Critical thinking is about questioning when an answer does not, on its surface, sound like a scenario where 2+2=4 or when the answer to a question doesn’t seem complete or definitive. Critical thinking is about questioning until all possible options have been understood and exhausted. When considering aircraft maintenance, there are often many ways to fix aircraft discrepancies. Some requiring replacing parts, but sometimes, if you have time, you can have the same parts repaired for considerably less. Sometimes there are short term solutions that allow you to safely and successfully complete a trip for your organization, but then require affecting a longer-term solution when you return. A good leader (aviation director, director of maintenance, line pilot or line maintenance) will think critically about the options, not just stop a flight if there are possible solutions and not just through money at problems because replacing parts is the easy answer. Sometimes, by the way, you absolutely have to and should say that you can’t fly or you need to replace parts because those will be the right answers.
I was talking to a client’s director of maintenance recently. He was telling me a story about a problem that could have ended a big International trip before they ever left their home base. They were sitting on the ramp about to depart for a 12 hour flight with several other stops over a two week trip. They had a problem with a system on the aircraft and they were getting a warning alarm in the cockpit. This was an MEL system and they had experienced the same issue before, but thought it had been fixed. The maintenance director was on board. They immediately started to troubleshoot the system while on the ramp and also called system manufacturer’s technical support. They explained the problem they were experiencing, their history with the same issue, what they were doing to trouble shoot and isolate it and the details about trip they were trying to depart on. Because of the Director of Maintenance’s forward thinking having immediately started researching and troubleshooting the problem, he was able to quickly eliminate a lot of concerns and explain this to the manufacturer’s technical support. He also connected the system manufacturer’s technical support with the aircraft manufacturer’s technical support. As a team, everyone now involved (all while the passengers were standing by) collectively agreed that the system problem was a sensor problem and not the actual system itself.
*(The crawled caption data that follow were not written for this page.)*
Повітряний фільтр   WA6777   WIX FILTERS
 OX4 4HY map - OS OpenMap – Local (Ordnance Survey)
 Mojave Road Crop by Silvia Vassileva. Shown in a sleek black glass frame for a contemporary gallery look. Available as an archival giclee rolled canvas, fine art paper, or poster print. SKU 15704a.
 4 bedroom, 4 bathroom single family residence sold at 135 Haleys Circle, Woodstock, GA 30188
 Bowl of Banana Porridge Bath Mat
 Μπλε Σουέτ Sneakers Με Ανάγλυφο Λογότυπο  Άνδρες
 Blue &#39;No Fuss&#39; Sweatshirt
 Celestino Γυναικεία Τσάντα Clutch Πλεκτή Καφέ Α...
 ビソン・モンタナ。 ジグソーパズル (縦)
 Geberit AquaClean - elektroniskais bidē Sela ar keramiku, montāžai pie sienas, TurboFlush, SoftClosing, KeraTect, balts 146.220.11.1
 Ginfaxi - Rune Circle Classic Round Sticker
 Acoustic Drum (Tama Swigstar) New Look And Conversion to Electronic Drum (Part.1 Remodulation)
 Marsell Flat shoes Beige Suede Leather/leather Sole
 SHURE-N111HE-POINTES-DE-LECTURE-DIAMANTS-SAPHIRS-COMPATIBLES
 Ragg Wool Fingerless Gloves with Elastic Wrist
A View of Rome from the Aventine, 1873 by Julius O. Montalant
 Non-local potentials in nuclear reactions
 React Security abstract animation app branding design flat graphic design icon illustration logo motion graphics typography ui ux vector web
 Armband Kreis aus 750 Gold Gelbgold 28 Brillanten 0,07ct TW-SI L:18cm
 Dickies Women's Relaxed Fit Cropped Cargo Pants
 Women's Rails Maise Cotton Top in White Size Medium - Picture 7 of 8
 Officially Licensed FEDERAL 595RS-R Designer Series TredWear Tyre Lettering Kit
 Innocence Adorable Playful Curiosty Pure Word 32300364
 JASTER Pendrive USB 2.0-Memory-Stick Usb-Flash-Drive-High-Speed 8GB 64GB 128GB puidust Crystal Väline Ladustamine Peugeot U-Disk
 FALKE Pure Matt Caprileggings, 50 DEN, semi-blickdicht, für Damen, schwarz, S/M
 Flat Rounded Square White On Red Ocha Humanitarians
Having successfully identified that the system itself was in good working order, they were given a temporary flight authorization requiring that the DOM who was already going on the two week trip check the system after every 12 hours of flight. Because he thought critically about the problem and worked to identify all possible issues and solutions, and he was forward thinking to simultaneously build the right team of people to help, he was able to save the trip and safely get the senior executives to their meetings around the world. For most people, this issue would have cancelled the trip before it started. Had it really been a safety of flight issue this DOM would have immediately stopped his trip, but as it turned out it wasn’t. This was a great example of how out of the box problem solving, critical thinking and forward thinking to coordinate everyone’s efforts and lead the team to find a safe solution were imperative skills for any great leaders.